By Michael S. Derby
(Reuters) – Federal Reserve Governor Michelle Bowman said on Friday that inflation risks to the economy remain real and labor market data hard to interpret, and that augurs caution with further decisions on central bank rate cuts.
“I continue to see greater risks to the price stability side of our mandate, especially when the labor market continues to be near full employment,” Bowman said at an appearance before the Missouri Bankers Association Executive Management Conference. With that in mind, “I would prefer that we proceed cautiously and gradually in lowering the policy rate, as inflation remains elevated.”
Bowman, whose comments centered mainly on banking issues, spoke after the releases of data detailing the performance of the job market during November. Hiring sharply rebounded from a difficult October with a gain of 227,000, while the unemployment rate ticked up to 4.2% from 4.1% the prior month.

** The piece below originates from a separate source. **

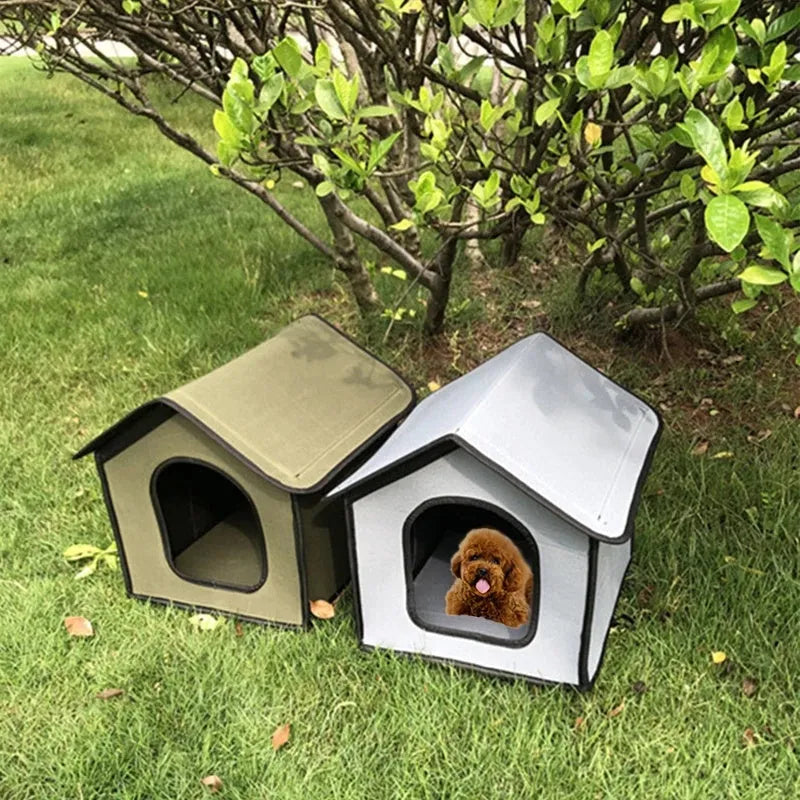 Waterproof outdoor pet kennel in chemical fibre, grey, army green or camouflage, medium or large, optional door curtain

The jobs data helped bolster market expectations that when policymakers gather for their next Federal Open Market Committee meeting on Dec. 17-18, they will lower the federal funds target rate range, now set between 4.5% and 4.75%, by a quarter percentage point. That would put the Fed’s primary lever to affect the economy down by a full percentage point since September.
Rate cut expectations have been underpinned by the ebbing of inflation pressures coupled with worries tight monetary policy could lead to trouble for the jobs market. Bowman dissented against the size of the Fed’s September rate cut and remains concerned about inflation.
Bowman declined to say what she thinks the Fed should do at the upcoming meeting. She said Friday’s employment report and inflation data next week would “help support a decision or my approach to how I’m thinking about the FOMC decision in a week and a half.”
Bowman said in her remarks that the economy remains strong, noting core inflation is above the Fed’s target and the unemployment rate, even as it has risen, remains well below its long-term average.
“We’ve seen progress in lowering inflation but that progress seems to have stalled this year,” Bowman said. Meanwhile, the job market is at “full employment” and the data describing the state of hiring is “increasingly difficult to interpret” and showing signs of “unreliability” in the face of “measurement challenges and data revisions.”
“I’m still cautious about taking signals from only a limited set of real-time data releases like the labor market data,” Bowman said.
The Fed governor also questioned a fundamental sense among central bankers that the current level of interest rates is providing restraint on the economy. “It’s hard to think that the level of interest rates is restrictive at this point” given how the economy is performing, she said.